Stored items =>

=====

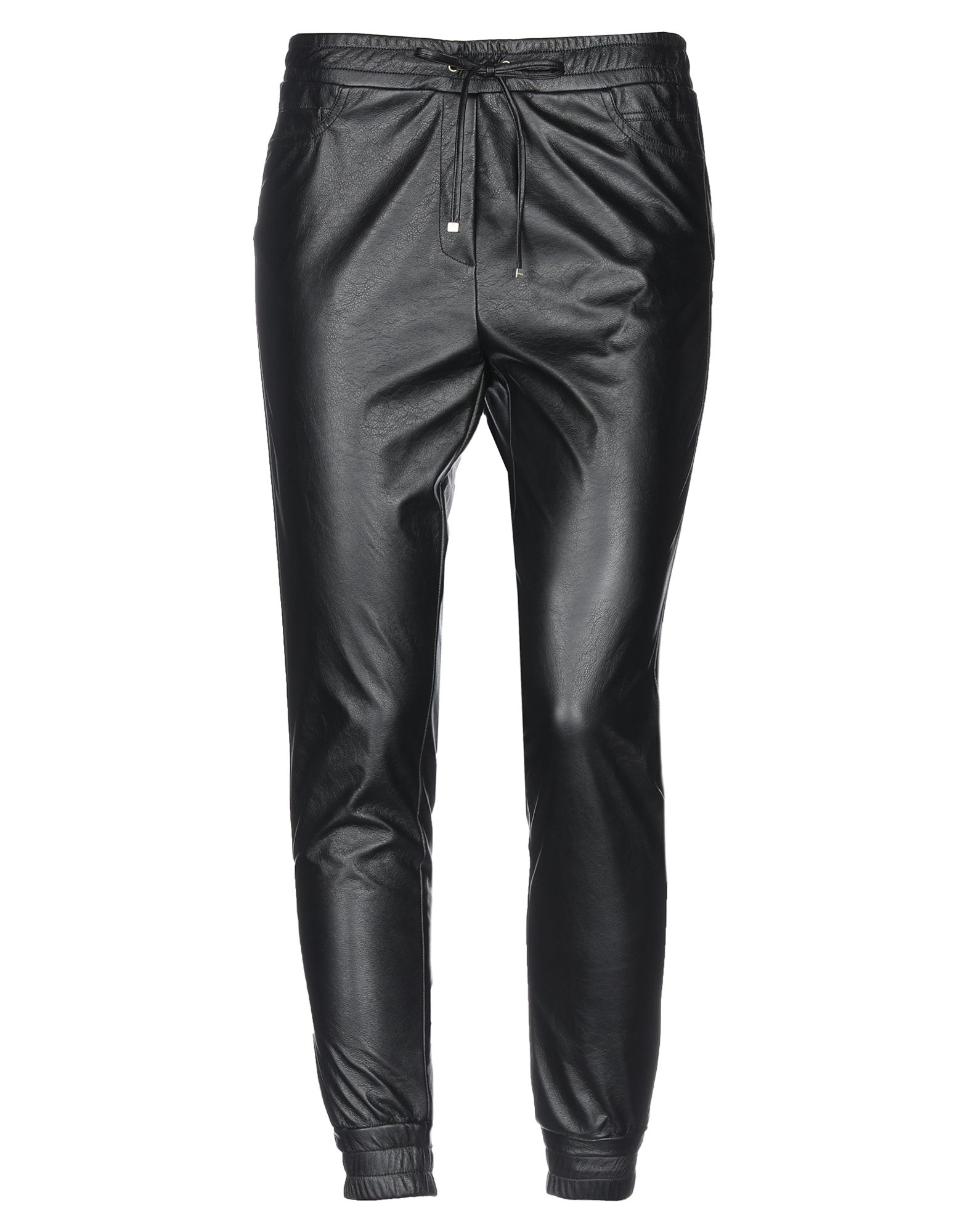 Брюки ANNARITA N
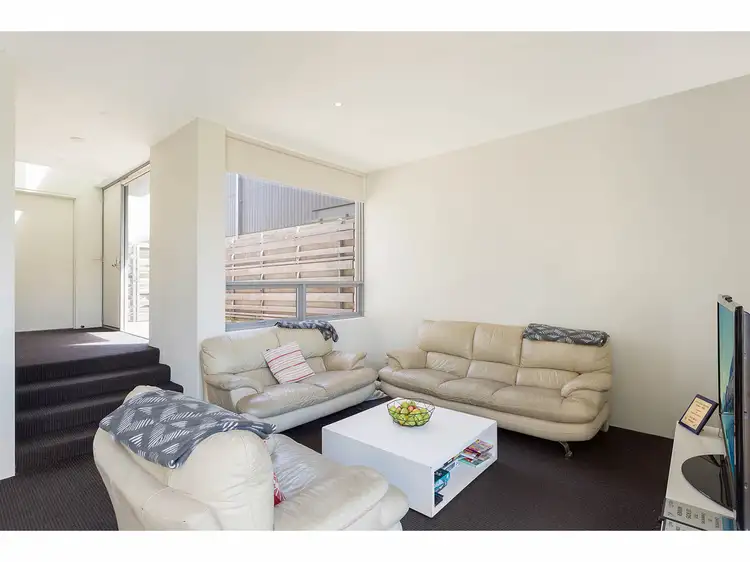 Second view of Homely apartment listing, 40/1 Elizabeth Street, Merimbula NSW 2548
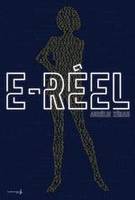 E-REEL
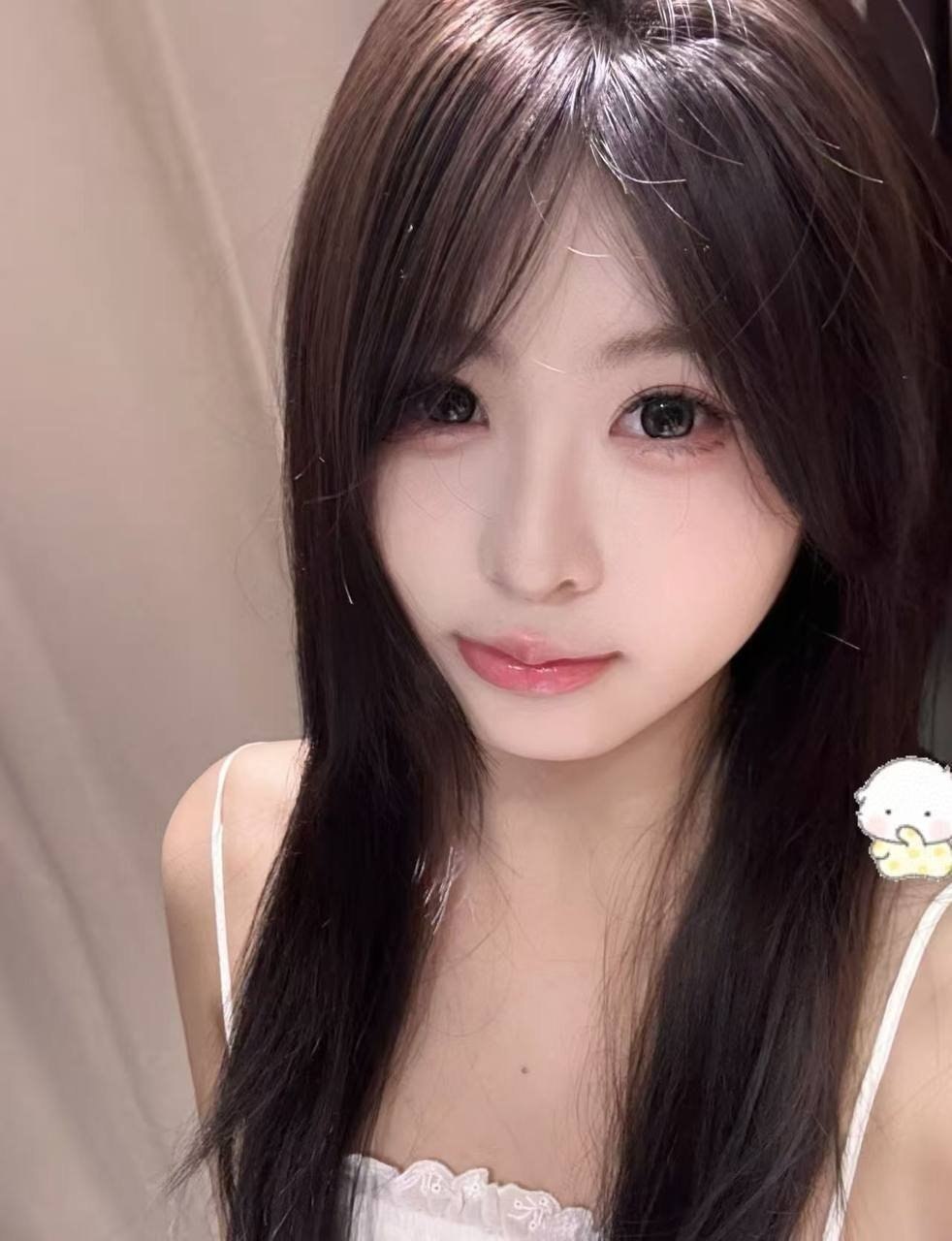 上海 编号：037086 (点击复制)
➡️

=====

Output the entries exactly and keep every picture out of them.

Answer to this problem =>
 Брюки ANNARITA N
 Second view of Homely apartment listing, 40/1 Elizabeth Street, Merimbula NSW 2548
 E-REEL
 上海 编号：037086 (点击复制)
➡️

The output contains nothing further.